There is no unanimity in the Council. There are very divergent views on the need for a fiscal capacity. A Eurozone budget would be even a step further, because you could have a fiscal capacity that doesn’t require such a loss of the political sovereignty, and can work pretty much independently. That could be the unemployment insurance scheme, bypassing the national budgets and working from the European level, based on automatic criteria and conditions. Another possibility would be an investment vehicle, similar to the EFSI, but with more economic importance.
Do you think that a European unemployment insurance scheme could be a reality one day or is it just fanciful thinking at the moment?
The Slovak Presidency, and myself, believe that for the monetary union to remain intact and work sustainably in the longer run, there should be some movement in this direction. I know it is difficult.

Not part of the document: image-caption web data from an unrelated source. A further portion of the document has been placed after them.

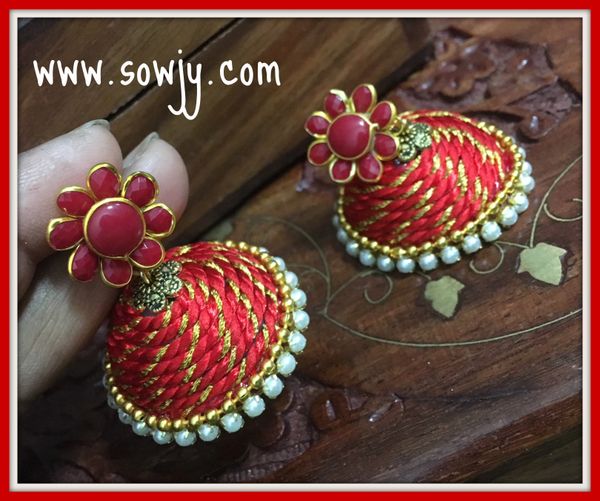 Large Sized Zari Thread Light weighted Jhumkas In Red !!!!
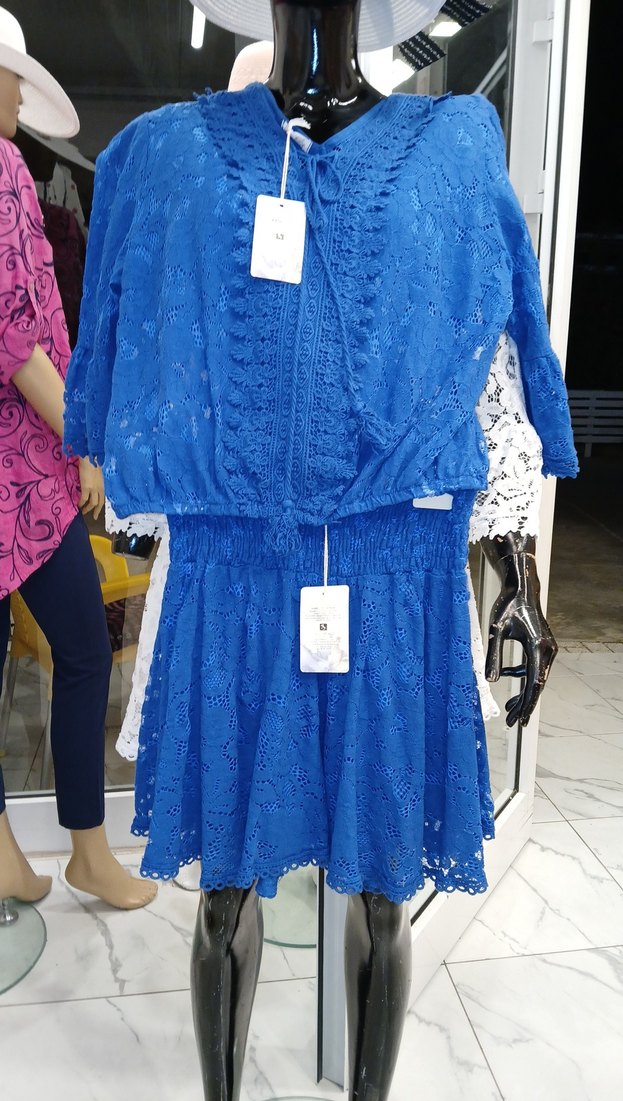 Beyaz Dantelli Bohem Kadın şort takım - Görsel 3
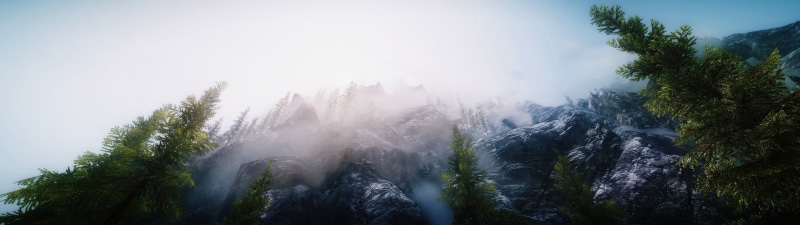 The Elder Scrolls V: Skyrim, mountains, multiple display, landscape, 4K, snow
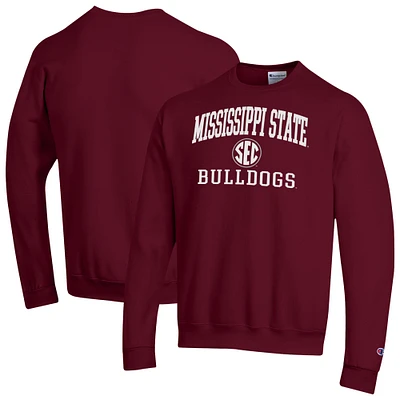 Men's Champion Maroon Mississippi State Bulldogs Team Fleece Pullover Sweatshirt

I am aware of all the obstacles and the conditions. There are many ways to structure such an instrument. The important thing is that there is something like that.
Could the 60th anniversary of the Treaty of Rome be an occasion to lift Germany’s opposition to this idea?
Member states’ positions are really divergent. I would not highlight one particular member state. The change I perceive after the referendum in Britain is that there is much more appetite for some common financing of ‘commons’ at EU level, using the expression of Mario Monti. This is something being done in the field of security and defense.
The Commission urged the Council to adopt its revision of EFSI during the next Ecofin Council on 6 December. Will it happen? Have the Council’s concerns related to the additionality of the plan been addressed?
Yes, it will happen. We will reach an agreement on a general approach during the Slovak presidency. What is more important is the content of the deal. As a presidency, we were very vocal on the fact that the EFSI should strengthen the additionality. The Council made this point very clear. Before the summer break, the Commission said that the review would focus on extending the EFSI, nothing on the additionality. We are going even further to the amendments proposed by the Commission to strengthen the plan’s added value. But it is true that it is quite difficult to assess the concept and to implement it. But I believe that there will be more and more additionality whereas in the first years of functioning there was probably not enough, because EFSI started very quickly, and the European Investment Bank had to use some of the projects in its pipeline.
As a member of the Visegrád group, Slovakia is seen as not too pro-European. Prime Minister Robert Fico has even been labelled a populist. Do you think your EU presidency helped to correct this perception?
I am sure about that. Actually, I never heard that anybody said that Slovakia is not pro-European or is anti-European. I heard reports of populism, and I don’t want to comment on that.